L’exemple de l’administration avait été suivi par les particuliers. Nos nationaux, beaucoup d’Européens à leur suite, s’étaient fixés dans les villes de la Côte et même jusque dans les derniers postes de l’intérieur occupés par nos troupes. On pouvait estimer leur nombre à 50 000. Les capitaux engagés par cette colonie active et entreprenante se chiffraient par centaines de millions. Plusieurs grandes villes européennes étaient nées et se développaient avec une rapidité tout américaine. Nombreux même étaient les colons acquéreurs de domaines ruraux plus ou moins vastes qui se livraient à la culture dans des régions pacifiées de la veille.

La valeur totale de l’effort réalisé par nous pouvait donc s’estimera près d’un milliard que ferait perdre immanquablement l’évacuation du pays.

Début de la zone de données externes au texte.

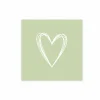 Serviette Pure Heart 33x33cm groen 20 stuks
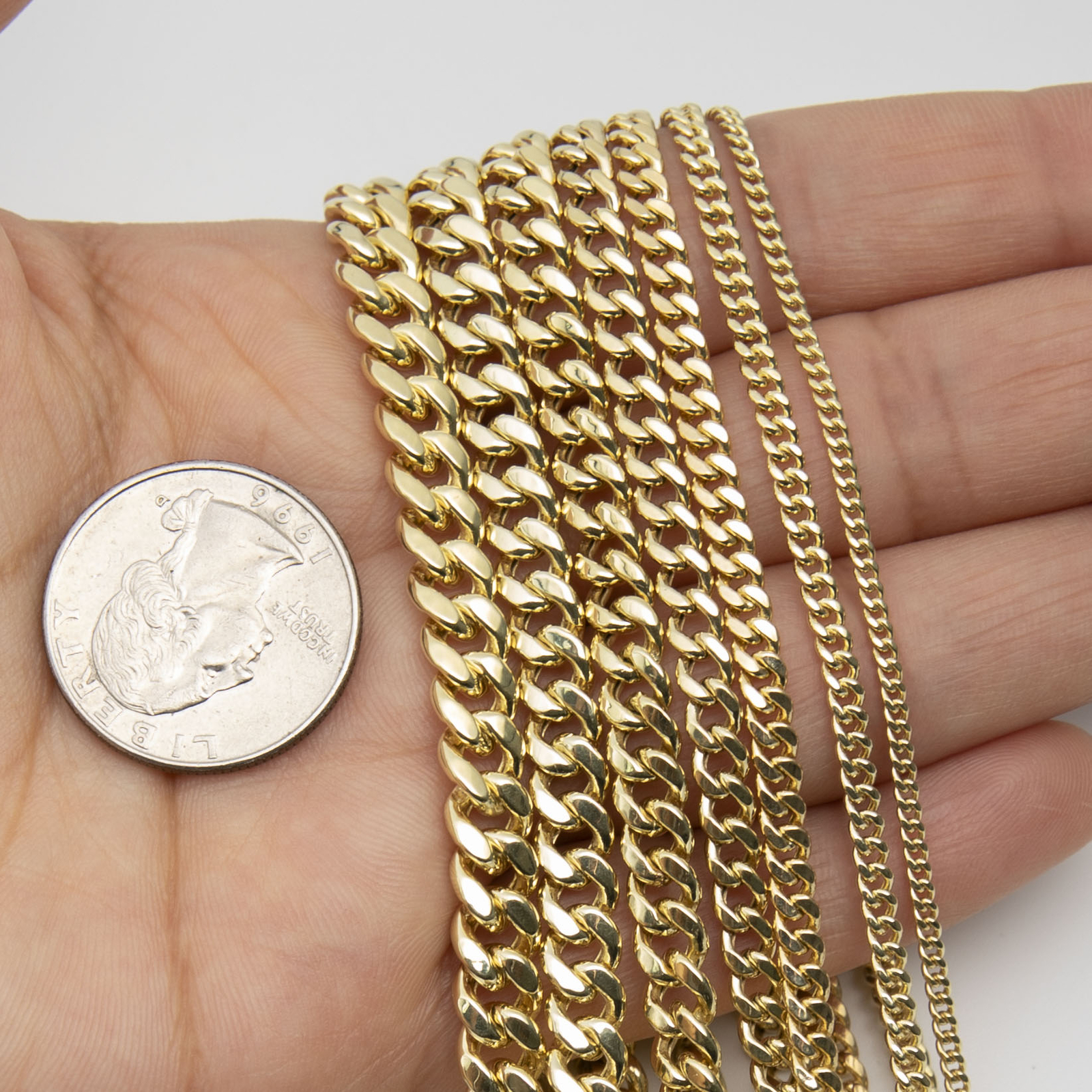 Shiny Miami Cuban Link Chain Necklace Real 14K Yellow Gold All Sizes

Restaient deux solutions en dehors de celle-ci. Nous pouvions chercher à conserver tout le terrain conquis ou bien abandonner une partie plus ou moins considérable de l’intérieur pour nous rapprocher de nos deux bases d’opérations, l’Algérie à l’Est et l’Océan vers l’Ouest.

Mais comment tout conserver, alors que la patrie, menacée dans son existence, avait besoin de l’ensemble de ses ressources ? Le Maroc nous échapperait certainement si la France était vaincue en Europe, et nous éprouverions alors la suprême

  1. La ligne de l’Ouest a été poussée depuis lors jusqu’à Fez, et Taza se trouve également relié au réseau de l’Est.